Records drawn from a dataset
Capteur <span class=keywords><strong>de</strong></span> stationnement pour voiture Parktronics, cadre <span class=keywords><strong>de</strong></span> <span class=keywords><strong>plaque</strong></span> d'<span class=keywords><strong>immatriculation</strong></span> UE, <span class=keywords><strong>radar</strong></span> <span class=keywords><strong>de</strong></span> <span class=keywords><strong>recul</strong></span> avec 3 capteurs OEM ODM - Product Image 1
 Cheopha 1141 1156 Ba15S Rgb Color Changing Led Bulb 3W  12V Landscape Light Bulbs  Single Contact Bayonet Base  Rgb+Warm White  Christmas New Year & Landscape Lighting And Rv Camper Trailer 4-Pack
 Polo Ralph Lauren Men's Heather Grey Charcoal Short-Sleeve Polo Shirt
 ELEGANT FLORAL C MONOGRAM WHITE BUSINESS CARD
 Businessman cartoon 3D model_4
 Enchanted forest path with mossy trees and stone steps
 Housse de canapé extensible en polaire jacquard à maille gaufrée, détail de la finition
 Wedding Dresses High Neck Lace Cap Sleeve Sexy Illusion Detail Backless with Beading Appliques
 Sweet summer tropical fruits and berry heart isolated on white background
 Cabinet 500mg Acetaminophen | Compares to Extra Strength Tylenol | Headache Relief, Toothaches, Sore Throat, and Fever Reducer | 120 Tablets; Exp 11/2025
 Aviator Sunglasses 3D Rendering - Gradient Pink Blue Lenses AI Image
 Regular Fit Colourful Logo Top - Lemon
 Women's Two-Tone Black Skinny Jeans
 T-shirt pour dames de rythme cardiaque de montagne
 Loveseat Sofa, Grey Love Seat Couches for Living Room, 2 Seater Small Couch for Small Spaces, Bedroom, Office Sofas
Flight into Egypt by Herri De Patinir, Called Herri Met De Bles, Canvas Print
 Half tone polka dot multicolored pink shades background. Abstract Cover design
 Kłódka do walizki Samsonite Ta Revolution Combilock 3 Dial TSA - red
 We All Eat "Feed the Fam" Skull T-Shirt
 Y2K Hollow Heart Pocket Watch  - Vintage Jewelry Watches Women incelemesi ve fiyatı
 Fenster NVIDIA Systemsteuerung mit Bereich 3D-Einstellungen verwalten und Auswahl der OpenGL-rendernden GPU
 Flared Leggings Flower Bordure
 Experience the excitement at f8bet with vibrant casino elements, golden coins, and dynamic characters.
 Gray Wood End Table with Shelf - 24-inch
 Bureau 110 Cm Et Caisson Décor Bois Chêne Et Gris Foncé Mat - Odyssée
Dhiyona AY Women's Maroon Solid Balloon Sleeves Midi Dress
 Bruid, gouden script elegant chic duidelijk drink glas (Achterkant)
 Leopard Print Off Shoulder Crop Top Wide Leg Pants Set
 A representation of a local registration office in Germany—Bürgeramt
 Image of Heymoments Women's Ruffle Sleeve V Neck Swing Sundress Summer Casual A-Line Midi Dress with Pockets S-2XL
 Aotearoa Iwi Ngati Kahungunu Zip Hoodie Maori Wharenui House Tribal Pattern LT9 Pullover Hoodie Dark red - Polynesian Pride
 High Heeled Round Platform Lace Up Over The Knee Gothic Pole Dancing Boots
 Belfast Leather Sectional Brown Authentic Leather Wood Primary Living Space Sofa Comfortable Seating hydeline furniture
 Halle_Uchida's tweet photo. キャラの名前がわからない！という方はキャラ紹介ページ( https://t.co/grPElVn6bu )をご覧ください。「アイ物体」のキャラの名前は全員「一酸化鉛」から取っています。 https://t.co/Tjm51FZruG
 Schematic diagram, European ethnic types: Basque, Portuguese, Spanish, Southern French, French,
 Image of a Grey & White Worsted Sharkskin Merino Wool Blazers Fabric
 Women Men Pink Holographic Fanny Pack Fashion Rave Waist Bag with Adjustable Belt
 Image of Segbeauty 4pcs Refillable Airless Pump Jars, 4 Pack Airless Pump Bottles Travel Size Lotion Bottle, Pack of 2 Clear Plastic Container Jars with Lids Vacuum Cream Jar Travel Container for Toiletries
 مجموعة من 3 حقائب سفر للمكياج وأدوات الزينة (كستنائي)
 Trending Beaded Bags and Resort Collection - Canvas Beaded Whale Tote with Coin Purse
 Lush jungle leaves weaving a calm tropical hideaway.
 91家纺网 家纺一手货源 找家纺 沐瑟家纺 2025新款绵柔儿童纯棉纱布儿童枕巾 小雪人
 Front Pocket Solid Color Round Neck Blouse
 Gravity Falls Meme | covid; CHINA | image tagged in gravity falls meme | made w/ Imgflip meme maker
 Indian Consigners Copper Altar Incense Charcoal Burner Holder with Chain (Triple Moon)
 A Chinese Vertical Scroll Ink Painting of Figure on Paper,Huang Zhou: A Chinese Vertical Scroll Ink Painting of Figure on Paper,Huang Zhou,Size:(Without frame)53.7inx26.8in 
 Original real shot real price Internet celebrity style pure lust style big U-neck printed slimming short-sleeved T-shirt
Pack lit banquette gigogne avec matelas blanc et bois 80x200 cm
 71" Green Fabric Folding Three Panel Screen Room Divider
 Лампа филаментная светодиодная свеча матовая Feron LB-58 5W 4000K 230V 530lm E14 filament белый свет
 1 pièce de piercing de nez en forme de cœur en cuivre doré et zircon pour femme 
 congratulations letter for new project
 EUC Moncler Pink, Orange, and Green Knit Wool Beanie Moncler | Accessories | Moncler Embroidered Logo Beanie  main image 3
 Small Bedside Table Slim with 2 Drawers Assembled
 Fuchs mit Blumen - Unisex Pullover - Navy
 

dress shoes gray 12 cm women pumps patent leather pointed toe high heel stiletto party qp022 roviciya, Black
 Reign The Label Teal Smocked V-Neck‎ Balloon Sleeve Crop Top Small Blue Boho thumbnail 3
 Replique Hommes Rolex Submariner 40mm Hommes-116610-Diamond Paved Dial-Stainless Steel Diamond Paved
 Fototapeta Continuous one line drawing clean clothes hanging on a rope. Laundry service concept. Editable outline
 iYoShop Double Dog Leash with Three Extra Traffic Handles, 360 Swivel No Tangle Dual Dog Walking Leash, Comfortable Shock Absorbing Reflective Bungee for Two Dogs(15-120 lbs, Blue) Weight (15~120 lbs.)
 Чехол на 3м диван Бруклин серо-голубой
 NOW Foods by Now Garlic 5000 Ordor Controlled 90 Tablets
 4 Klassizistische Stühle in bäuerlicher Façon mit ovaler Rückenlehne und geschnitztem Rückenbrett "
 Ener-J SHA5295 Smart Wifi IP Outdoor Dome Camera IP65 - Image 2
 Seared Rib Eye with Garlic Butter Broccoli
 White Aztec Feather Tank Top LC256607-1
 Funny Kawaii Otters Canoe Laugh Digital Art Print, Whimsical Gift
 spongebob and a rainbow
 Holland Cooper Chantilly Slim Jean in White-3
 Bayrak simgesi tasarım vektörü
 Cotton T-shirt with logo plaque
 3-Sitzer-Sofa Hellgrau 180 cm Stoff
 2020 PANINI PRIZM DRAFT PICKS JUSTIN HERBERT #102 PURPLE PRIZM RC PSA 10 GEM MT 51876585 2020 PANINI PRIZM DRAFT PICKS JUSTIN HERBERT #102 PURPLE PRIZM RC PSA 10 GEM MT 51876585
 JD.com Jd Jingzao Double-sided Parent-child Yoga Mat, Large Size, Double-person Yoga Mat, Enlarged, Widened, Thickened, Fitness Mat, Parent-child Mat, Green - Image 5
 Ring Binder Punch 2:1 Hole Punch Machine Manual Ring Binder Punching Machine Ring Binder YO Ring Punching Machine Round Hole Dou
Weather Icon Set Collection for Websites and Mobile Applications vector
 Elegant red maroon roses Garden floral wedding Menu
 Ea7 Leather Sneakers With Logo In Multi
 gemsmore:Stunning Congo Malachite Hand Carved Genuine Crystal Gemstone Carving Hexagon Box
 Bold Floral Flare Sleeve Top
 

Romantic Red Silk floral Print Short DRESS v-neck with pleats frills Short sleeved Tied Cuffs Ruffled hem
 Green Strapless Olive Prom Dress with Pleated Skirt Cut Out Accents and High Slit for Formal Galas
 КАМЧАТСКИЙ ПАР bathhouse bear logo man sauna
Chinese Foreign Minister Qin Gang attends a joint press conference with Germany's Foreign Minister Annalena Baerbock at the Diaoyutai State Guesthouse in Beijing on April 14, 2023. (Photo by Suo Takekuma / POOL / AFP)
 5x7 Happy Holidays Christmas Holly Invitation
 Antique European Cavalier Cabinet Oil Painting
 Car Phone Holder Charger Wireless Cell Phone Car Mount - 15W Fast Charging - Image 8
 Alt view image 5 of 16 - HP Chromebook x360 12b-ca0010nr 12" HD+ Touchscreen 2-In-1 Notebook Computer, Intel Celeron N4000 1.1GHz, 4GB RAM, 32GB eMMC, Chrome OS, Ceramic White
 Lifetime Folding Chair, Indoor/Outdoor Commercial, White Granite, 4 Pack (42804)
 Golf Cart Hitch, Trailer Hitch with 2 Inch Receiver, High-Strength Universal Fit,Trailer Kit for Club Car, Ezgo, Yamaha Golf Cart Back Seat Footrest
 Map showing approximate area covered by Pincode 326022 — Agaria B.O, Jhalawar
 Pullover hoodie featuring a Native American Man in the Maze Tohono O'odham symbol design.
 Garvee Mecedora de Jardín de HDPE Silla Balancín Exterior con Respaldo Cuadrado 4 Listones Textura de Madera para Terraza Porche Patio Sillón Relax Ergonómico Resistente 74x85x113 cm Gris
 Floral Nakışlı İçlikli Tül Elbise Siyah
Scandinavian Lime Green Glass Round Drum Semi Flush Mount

* THE PROBLEM *
Produce only the lines from the line containing "Bureau 110 Cm" through the line containing "Indian Consigners Copper", inclusive of both, exactly as they stand in the entries above.

* EXERCISE SOLUTION *
 Bureau 110 Cm Et Caisson Décor Bois Chêne Et Gris Foncé Mat - Odyssée
Dhiyona AY Women's Maroon Solid Balloon Sleeves Midi Dress
 Bruid, gouden script elegant chic duidelijk drink glas (Achterkant)
 Leopard Print Off Shoulder Crop Top Wide Leg Pants Set
 A representation of a local registration office in Germany—Bürgeramt
 Image of Heymoments Women's Ruffle Sleeve V Neck Swing Sundress Summer Casual A-Line Midi Dress with Pockets S-2XL
 Aotearoa Iwi Ngati Kahungunu Zip Hoodie Maori Wharenui House Tribal Pattern LT9 Pullover Hoodie Dark red - Polynesian Pride
 High Heeled Round Platform Lace Up Over The Knee Gothic Pole Dancing Boots
 Belfast Leather Sectional Brown Authentic Leather Wood Primary Living Space Sofa Comfortable Seating hydeline furniture
 Halle_Uchida's tweet photo. キャラの名前がわからない！という方はキャラ紹介ページ( https://t.co/grPElVn6bu )をご覧ください。「アイ物体」のキャラの名前は全員「一酸化鉛」から取っています。 https://t.co/Tjm51FZruG
 Schematic diagram, European ethnic types: Basque, Portuguese, Spanish, Southern French, French,
 Image of a Grey & White Worsted Sharkskin Merino Wool Blazers Fabric
 Women Men Pink Holographic Fanny Pack Fashion Rave Waist Bag with Adjustable Belt
 Image of Segbeauty 4pcs Refillable Airless Pump Jars, 4 Pack Airless Pump Bottles Travel Size Lotion Bottle, Pack of 2 Clear Plastic Container Jars with Lids Vacuum Cream Jar Travel Container for Toiletries
 مجموعة من 3 حقائب سفر للمكياج وأدوات الزينة (كستنائي)
 Trending Beaded Bags and Resort Collection - Canvas Beaded Whale Tote with Coin Purse
 Lush jungle leaves weaving a calm tropical hideaway.
 91家纺网 家纺一手货源 找家纺 沐瑟家纺 2025新款绵柔儿童纯棉纱布儿童枕巾 小雪人
 Front Pocket Solid Color Round Neck Blouse
 Gravity Falls Meme | covid; CHINA | image tagged in gravity falls meme | made w/ Imgflip meme maker
 Indian Consigners Copper Altar Incense Charcoal Burner Holder with Chain (Triple Moon)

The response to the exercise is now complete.